_index_


NAME

Jenda.Rex - Regular expressions via OLE

Version 0.14.05

_index_


SYNOPSIS

        Dim re As Object
        Dim arr As Variant
        Dim info As Collection
        Set re = CreateObject("Jenda.Rex")
        if re.Test( strMail, "\w+@\w+\.\w+") then
                MsgBox "Look's like a mail address", vbInformation
        end if
        arr = re.Match( strINILine, "^([\w\d]+)=(.*)$")
        if isEmpty(arr) then
                MsgBox "Malformed line! : " & strINILine, vbCritical
        else
                info.Add arr(1), arr(0)
        end if
        re.TieCollection info, "info"
        strTemplate = "%id%: %programtitle% by %author% (version %version%)"
        strToShow = re.Replace strTemplate, "%(.*?)%", "$info{$1}", g

_index_


DESCRIPTION

The Microsoft VBScript Regular Expressions (5.5) object is funny at best, it is hard to use, leads to lengthy code and really looks like something a VB programmer made.

I was so frustrated by the object that I sat down and wrote my own.

It is written in Perl so it provides full Perl regular expressions. It even allows you to access VB arrays, collections, recordsets and other similar objects from the replacement string.

Properties

Version
The version number of the object.

Encoding
The encoding in which the texts are supposed to be. Default is whatever your system is set to. The ACP value in HKEY_LOCAL_MACHINE\SYSTEM\CurrentControlSet\Control\NLS\CodePage.

AllowXHTML
Controls whether the HTML related functions accept XHTML. That is tags in form <NAME param=``xxx''/>.

Log
Turns on and off the logging. For test purposes only.

LogFile
Specifies the path to the log file. For test purposes only.

Methods

Test( stringToTest, regularExpression [, options])
This function tries to match the string to the regular expression (using the options) and returns success or failure.

The parts of the string captured by groups in the regexp may be accessed using the TestMatched() or Matched() method.

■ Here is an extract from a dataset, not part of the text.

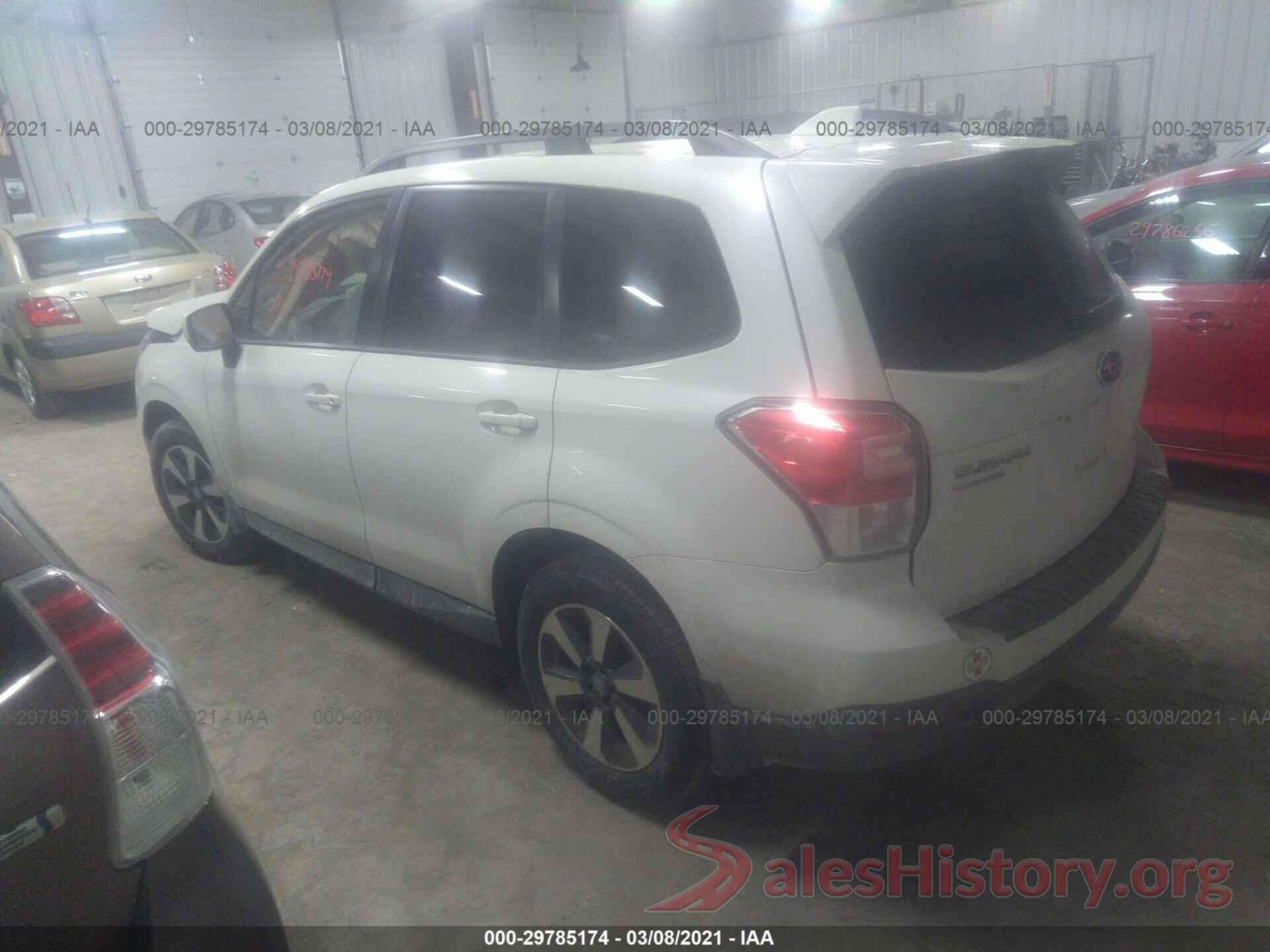 JF2SJAGC3HH469285 2017 SUBARU FORESTER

        If RE.Test( stringToTest, regularExpression, options) Then
                result = RE.TestMatched(0) & RE.TestMatched(1)
                         is equivalent to
        if ($stringToTest =~ /regularExpression/options) {
                $result = $1 . $2;

Please note that the matches are indexed from 0, not 1 in TestMatched() !!!

You may use the common regular expressions defined in Regesp::Common http://search.cpan.org/~abigail/Regexp-Common-2.120/lib/Regexp/Common.pm:

        If RE.Test( stringToTest, "^$RE{num}{real}") Then

TestMatched( N ) / Matched (N)
Returns the string captured by the N-1th capturing group in the regexp evaluated by the last RE.Test(). The other methods DO NOT affect the values returned by TestMatched() and each Jenda.Rex.Prepared object has its own TestMatched() buffer.

Match( stringToMatch, regularExpression [, options])
This function matches the string and returns an array containing strings. If there are no matches returns an Empty variant.
        arr = Match( stringToMatch, regularExpression, options)
                         is equivalent to
        @arr = ($stringToMatch =~ /regularExpression/options)

1) If the options DO NOT include ``g'' and there are no () groups you'll get a one element array containing (1) if the regexp matches, Empty otherwise.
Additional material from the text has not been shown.